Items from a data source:
== Segment start ==

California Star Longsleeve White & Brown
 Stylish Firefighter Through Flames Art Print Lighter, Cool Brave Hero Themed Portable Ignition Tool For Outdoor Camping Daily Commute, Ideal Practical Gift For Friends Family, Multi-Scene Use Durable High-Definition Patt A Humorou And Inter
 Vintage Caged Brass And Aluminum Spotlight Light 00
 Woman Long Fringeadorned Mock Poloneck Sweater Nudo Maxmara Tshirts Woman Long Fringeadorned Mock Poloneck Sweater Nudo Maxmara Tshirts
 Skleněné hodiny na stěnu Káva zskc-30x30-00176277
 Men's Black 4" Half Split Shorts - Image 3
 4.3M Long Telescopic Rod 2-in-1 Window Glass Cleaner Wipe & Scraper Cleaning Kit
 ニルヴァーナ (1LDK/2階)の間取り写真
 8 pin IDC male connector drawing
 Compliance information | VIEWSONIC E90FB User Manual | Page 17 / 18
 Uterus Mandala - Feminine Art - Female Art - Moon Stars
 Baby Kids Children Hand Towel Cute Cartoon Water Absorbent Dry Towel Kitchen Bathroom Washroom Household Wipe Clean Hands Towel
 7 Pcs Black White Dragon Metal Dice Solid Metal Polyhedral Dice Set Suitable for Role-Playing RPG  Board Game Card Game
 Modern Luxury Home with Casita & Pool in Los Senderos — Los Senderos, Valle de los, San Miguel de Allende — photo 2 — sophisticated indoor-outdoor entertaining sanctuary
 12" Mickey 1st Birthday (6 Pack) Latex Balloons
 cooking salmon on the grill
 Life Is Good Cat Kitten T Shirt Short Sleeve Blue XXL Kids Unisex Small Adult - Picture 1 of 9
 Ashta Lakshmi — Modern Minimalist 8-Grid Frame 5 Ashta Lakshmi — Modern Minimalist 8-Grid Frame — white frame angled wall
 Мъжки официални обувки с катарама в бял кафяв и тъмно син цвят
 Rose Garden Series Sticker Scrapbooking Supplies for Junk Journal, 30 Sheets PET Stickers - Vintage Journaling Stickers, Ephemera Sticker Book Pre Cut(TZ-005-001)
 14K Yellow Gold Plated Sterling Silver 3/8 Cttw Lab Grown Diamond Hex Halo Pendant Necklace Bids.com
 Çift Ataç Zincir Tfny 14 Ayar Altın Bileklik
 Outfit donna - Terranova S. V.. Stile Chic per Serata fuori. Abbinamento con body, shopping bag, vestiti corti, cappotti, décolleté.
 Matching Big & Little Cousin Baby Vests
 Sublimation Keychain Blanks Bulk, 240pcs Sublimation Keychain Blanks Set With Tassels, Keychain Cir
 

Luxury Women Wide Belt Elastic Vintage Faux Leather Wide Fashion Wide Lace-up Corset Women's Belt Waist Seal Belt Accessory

== Segment end ==

Reproduce each entry from the records above, character for character.

California Star Longsleeve White & Brown
 Stylish Firefighter Through Flames Art Print Lighter, Cool Brave Hero Themed Portable Ignition Tool For Outdoor Camping Daily Commute, Ideal Practical Gift For Friends Family, Multi-Scene Use Durable High-Definition Patt A Humorou And Inter
 Vintage Caged Brass And Aluminum Spotlight Light 00
 Woman Long Fringeadorned Mock Poloneck Sweater Nudo Maxmara Tshirts Woman Long Fringeadorned Mock Poloneck Sweater Nudo Maxmara Tshirts
 Skleněné hodiny na stěnu Káva zskc-30x30-00176277
 Men's Black 4" Half Split Shorts - Image 3
 4.3M Long Telescopic Rod 2-in-1 Window Glass Cleaner Wipe & Scraper Cleaning Kit
 ニルヴァーナ (1LDK/2階)の間取り写真
 8 pin IDC male connector drawing
 Compliance information | VIEWSONIC E90FB User Manual | Page 17 / 18
 Uterus Mandala - Feminine Art - Female Art - Moon Stars
 Baby Kids Children Hand Towel Cute Cartoon Water Absorbent Dry Towel Kitchen Bathroom Washroom Household Wipe Clean Hands Towel
 7 Pcs Black White Dragon Metal Dice Solid Metal Polyhedral Dice Set Suitable for Role-Playing RPG  Board Game Card Game
 Modern Luxury Home with Casita & Pool in Los Senderos — Los Senderos, Valle de los, San Miguel de Allende — photo 2 — sophisticated indoor-outdoor entertaining sanctuary
 12" Mickey 1st Birthday (6 Pack) Latex Balloons
 cooking salmon on the grill
 Life Is Good Cat Kitten T Shirt Short Sleeve Blue XXL Kids Unisex Small Adult - Picture 1 of 9
 Ashta Lakshmi — Modern Minimalist 8-Grid Frame 5 Ashta Lakshmi — Modern Minimalist 8-Grid Frame — white frame angled wall
 Мъжки официални обувки с катарама в бял кафяв и тъмно син цвят
 Rose Garden Series Sticker Scrapbooking Supplies for Junk Journal, 30 Sheets PET Stickers - Vintage Journaling Stickers, Ephemera Sticker Book Pre Cut(TZ-005-001)
 14K Yellow Gold Plated Sterling Silver 3/8 Cttw Lab Grown Diamond Hex Halo Pendant Necklace Bids.com
 Çift Ataç Zincir Tfny 14 Ayar Altın Bileklik
 Outfit donna - Terranova S. V.. Stile Chic per Serata fuori. Abbinamento con body, shopping bag, vestiti corti, cappotti, décolleté.
 Matching Big & Little Cousin Baby Vests
 Sublimation Keychain Blanks Bulk, 240pcs Sublimation Keychain Blanks Set With Tassels, Keychain Cir
 

Luxury Women Wide Belt Elastic Vintage Faux Leather Wide Fashion Wide Lace-up Corset Women's Belt Waist Seal Belt Accessory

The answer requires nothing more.